Skyway, an urban development and transportation leader, is already building vertiports and a “secure automated airspace authorization cloud service for the aviation industry.” Since “regulations mandate that all drones registered to fly in the United States airspace be equipped with a ‘digital license plate’," those without a Remote ID Broadcast Module will require retrofitting, according to Skyway.
Its services break down into four primary areas: air traffic management, vertiport management systems, sUAS traffic management, and vertiport planning and development.
With Skyway’s Air Traffic Navigators, urban developers, contractors, environmental consultants, and urban mobility architects gain access to the deployment ecosystem and startup community being built.
Skyportz is another entrant playing in the infrastructure for aerial mobility sandbox, while aviation ground service companies such as Moonware, already a partner of Skyway’s, will deliver “fully connected & intelligent airfields that handle aircraft autonomously from touchdown to takeoff, enabling the next generation of air transportation.” The efficiency of getting machines into the air will be like nothing we’ve ever seen.
All of this is great. But how will the ability to deploy autonomous drones into a crowded sky from airports, sports venues, and distribution centers impact real estate assets?

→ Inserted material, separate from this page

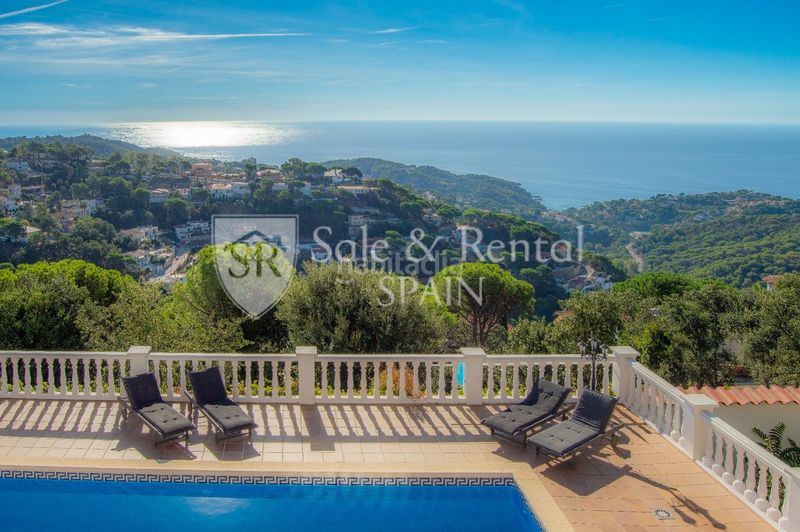 Foto e1957d00-441f-4ac0-a977-082d852c59a3. Casa amb calefacció piscina a Serra Brava Lloret de Mar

LAUNCH & LANDING PADS GALORE
Every building is now prime space for a dual launch and landing pad. Many large multifamily and office buildings will contain a heliport able to accept these new mobility solutions, both package deliveries and arrivals of humans using the next generation of rideshare (or, “airshare”) services.
Arrive mailboxes integrated in the next generation of homes will become commonplace. As will neighborhood drop-off locations for larger machines transporting people to and from urban centers.
All of these locations must connect to a centralized, cloud-based traffic management system—this is the huge moat that Skyway is clearly going after. Drone mobility flights will require fees to use the infrastructure and marketplace layers in just the same wayOTAs collect on tickets sold and airport terminals charge fees for landing, ticket counter and gate usage, and baggage handling. Skyway will be in a prime position to collect and distribute said fees, and tax for the convenience.
One question is whether a single provider will control everything, or whether multiple companies will monitor those machines roaming the skies. Even if a single company emerges dominant in traffic management, ancillary services will crop up in domestic and national markets necessitating solutions ranging from air regulatory compliance as a service, security and monitoring systems, charging and energy storage services, and last-mile logistics solutions for transitioning packages and passengers.
As we all look skyward into the future, smart proptech founders will create on-the-ground solutions that will provide the critical technology and infrastructure needed for a smooth transition to busier skies. Just as companies like Blueprint Power help building owners monetize their energy consumption, acting as a power plant, a new breed of technology solutions will help commercial and residential building owners play a critical role in the New Aerial Economy about to be unleashed.